В апреле 1986 года грянула чернобыльская катастрофа, и Евгений Павлович оказался на передовой. В числе других наших героических спасателей он был на месте ядерной аварии, пытаясь найти способы остановить распространение радиации, смертельно опасной для всего живого. Точно такой же смертельной опасности он подвергал и самого себя. Немало наших ученых кинулось спасать человечество от ядерной угрозы, ради общего блага пожертвовав своим здоровьем, а в некоторых случаях и своей жизнью. Вечная им слава!


В будние дни, когда Мессбауэр приезжал к нам в Москву, я их с Юрой практически не видела. У них была напряженная научная программа, которой они были заняты с раннего утра и до позднего вечера. Помимо работы в Курчатнике, Рудольф активно сотрудничал с другими московскими институтами, в том числе с институтом Хим-Физики, где директором в то время был академик В.И.Гольданский, с которым они были давними и близкими друзьями, и другими научными центрами.

В один из первых своих приездов в Москву Мессбауэр посетил семинар академика Л.Д. Ландау и потом часто вспоминал о том, в какой своеобразной атмосфере этот семинар проходил.

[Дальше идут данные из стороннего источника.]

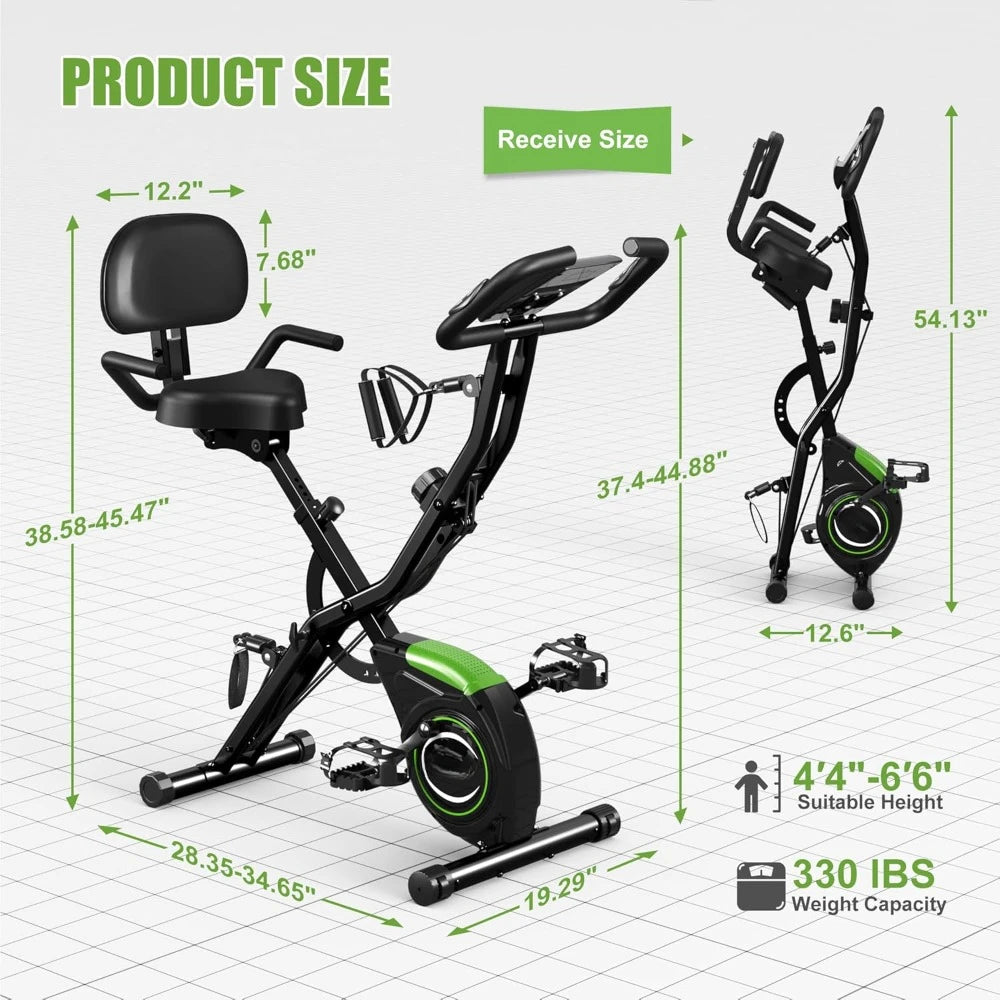 Folding Exercise Bike, 4 in 1 Stationary Cycling - STG Shopping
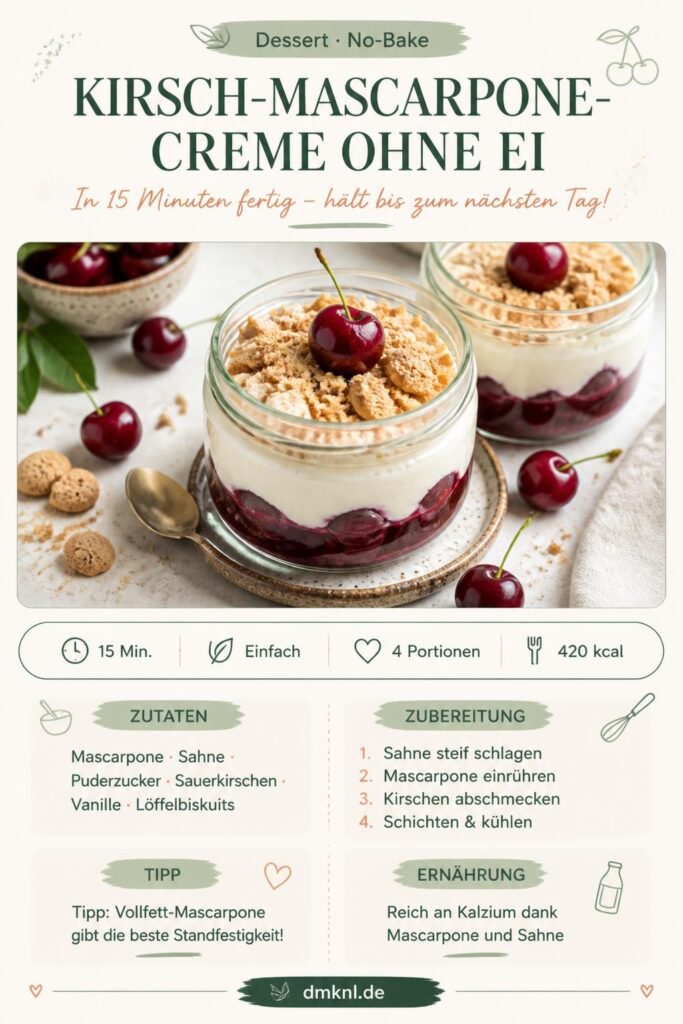 Kirsch-Mascarpone-Creme ohne Ei im Glas – Rezept zum Merken auf Pinterest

Докладчиком был кто– то из приглашенных иностранцев, – его фамилии Мессбауэр не запомнил, – и Ландау вел семинар на прекрасном английском языке. Иностранный ученый излагал свою работу, состоящую из четырех пунктов, на которые он постарался ответить. Когда докладчик закончил свое выступление, Ландау взял слово и последовательно, пункт за пунктом, опроверг его утверждения. После чего спросил:

– Может быть, кто-нибудь хочет что-то добавить? – желающих выступить, как и следовало ожидать, не нашлось, а на основного докладчика старались не смотреть – вид у него был самый несчастный.

Рассказывая эту историю, Рудольф весело смеялся, как и на все комические происшествия, которые случались с ним в Москве.

Это была единственная встреча Мессбауэра с Л.Д. Ландау.

В связи с этим расскажу один смешной эпизод.

Я, конечно, знала Льва Давидовича Ландау, – в свое время на каком-то мероприятии в Институте физических проблем им. Капицы Юра представил меня Дау, как по его настоянию физическое сообщество называло своего кумира и учителя. Дау одобрял Юру по той причине, что тот женился, когда ему было около тридцати. Дау считал, что до этих пор настоящему физику надо заниматься только наукой. Жениться, по мнению Дау, надо было на красавице, потому что любовь все равно вскоре пройдет, так уж лучше смотреть оставшееся время на красавицу, чем на какую-то мымру. Словом, как говорил герой известного произведения —

Я сколько ни любил бы вас,

Привыкнув, разлюблю тотчас…

Между тем у самого Дау к женщинам был повышенный интерес. И существовала специальная таблица, в которой Дау проставлял знакомым дамам очки (кажется, по пятибалльной шкале), исключительно по признакам внешних достоинств. Женатые мужчины делились у него на «красивистов», «ножистов» и «душистов». Себя Дау относил к «красивистам», поскольку его жена Кора была, безусловно, красавицей. Юре достался титул «душиста», таким образом, я попала в третью категорию. Несмотря на это, Дау при встрече любил переброситься со мной парой слов и над чем-нибудь посмеяться. Я всегда ждала от него саркастической реплики в чей-нибудь адрес для затравки разговора, который обычно проходил у нас в юмористическо-ироническом плане, но вдруг однажды он меня спрашивает совершенно всерьез:

– Таня, у вас есть какая-нибудь симпатичная подруга?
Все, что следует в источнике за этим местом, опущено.